▸ Available records:
====

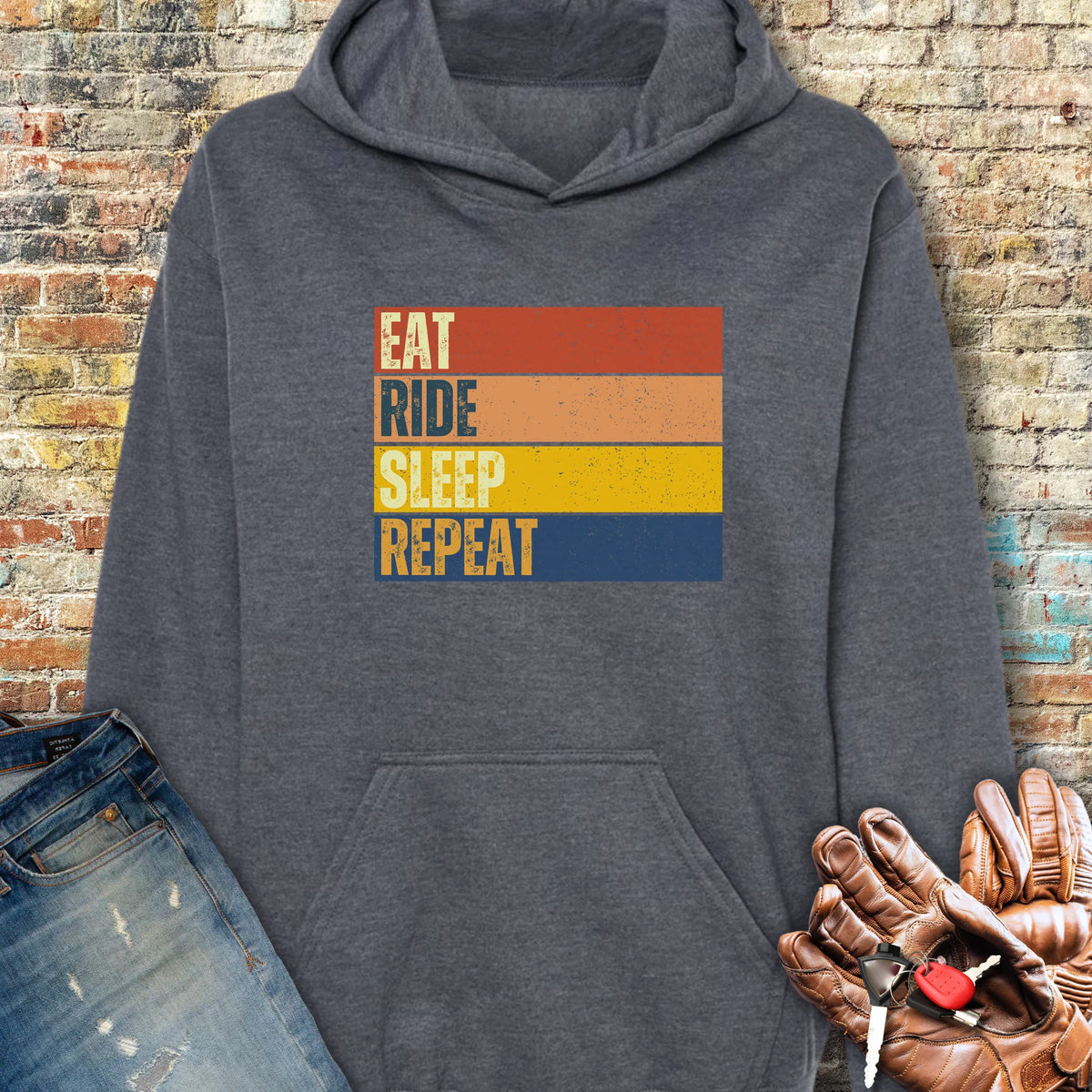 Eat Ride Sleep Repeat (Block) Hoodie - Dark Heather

====

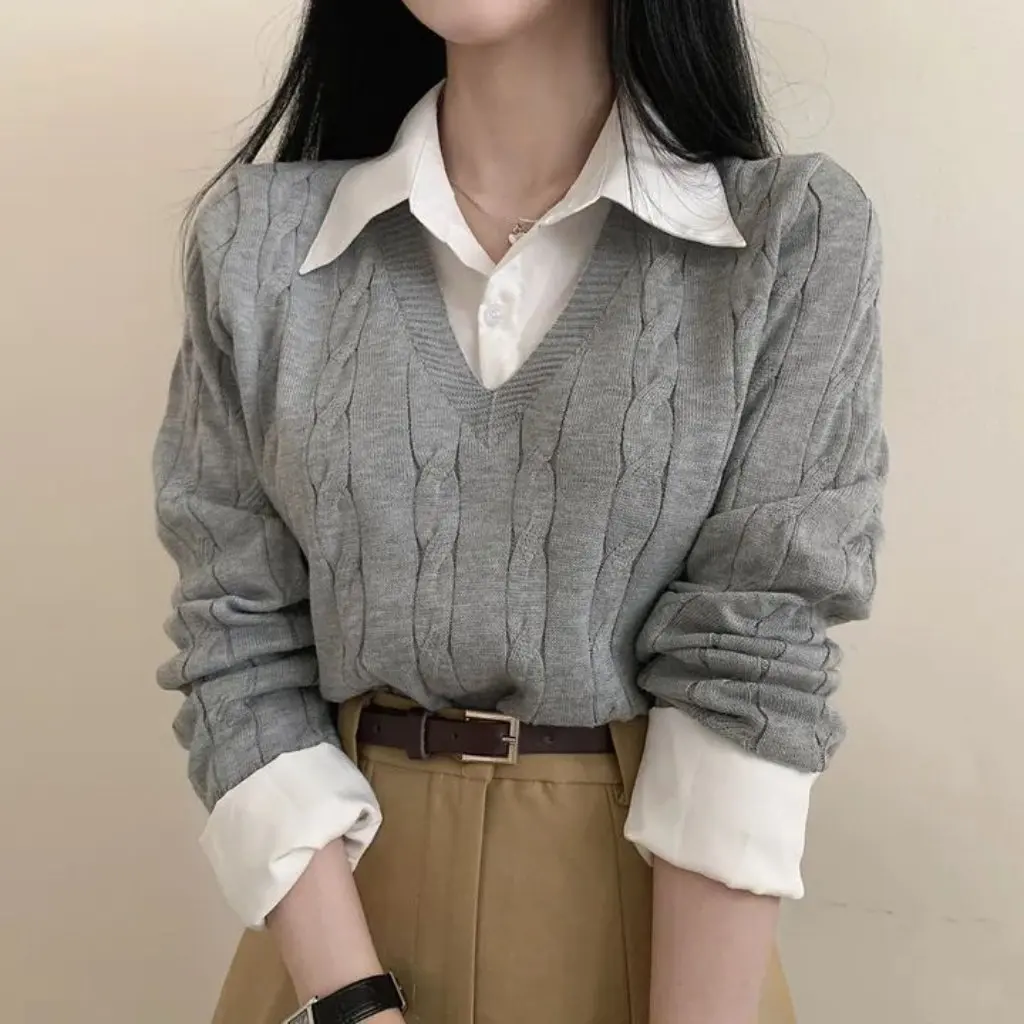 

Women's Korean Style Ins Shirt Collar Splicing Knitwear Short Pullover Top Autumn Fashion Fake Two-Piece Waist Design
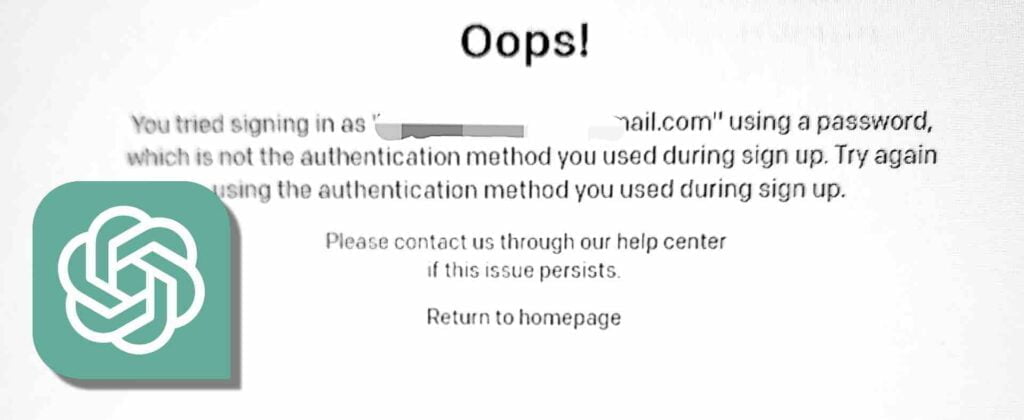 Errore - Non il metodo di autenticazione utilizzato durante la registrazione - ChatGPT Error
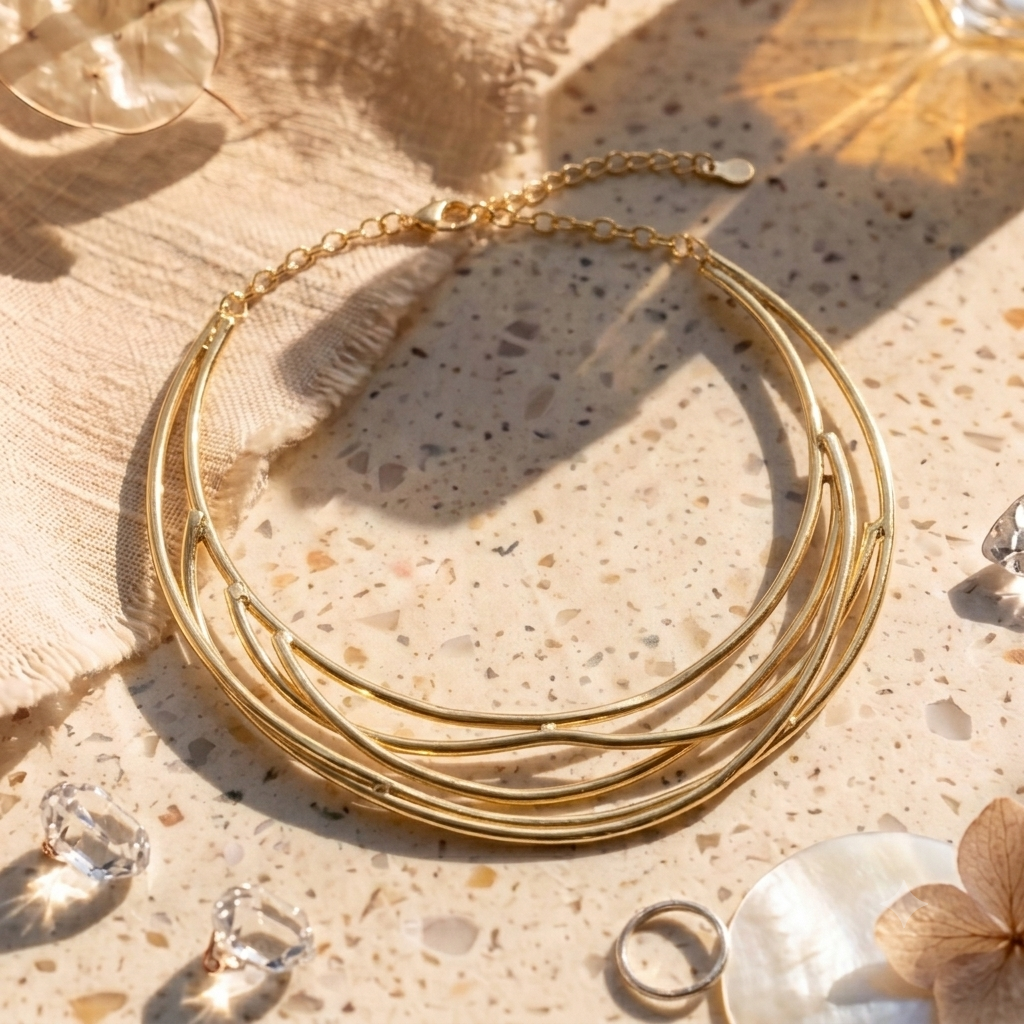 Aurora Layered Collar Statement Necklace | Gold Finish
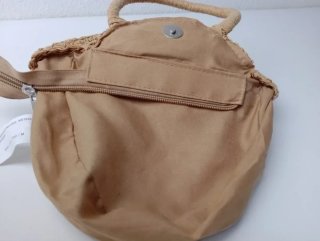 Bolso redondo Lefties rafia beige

====

▸ Activity:
Look above for the line with "Women's Korean Style" and the line with "Bolso redondo Lefties rafia beige". Give again exactly those two lines and all lines between them, pictures excluded.

▸ Answer area:
Women's Korean Style Ins Shirt Collar Splicing Knitwear Short Pullover Top Autumn Fashion Fake Two-Piece Waist Design
 Errore - Non il metodo di autenticazione utilizzato durante la registrazione - ChatGPT Error
 Aurora Layered Collar Statement Necklace | Gold Finish
 Bolso redondo Lefties rafia beige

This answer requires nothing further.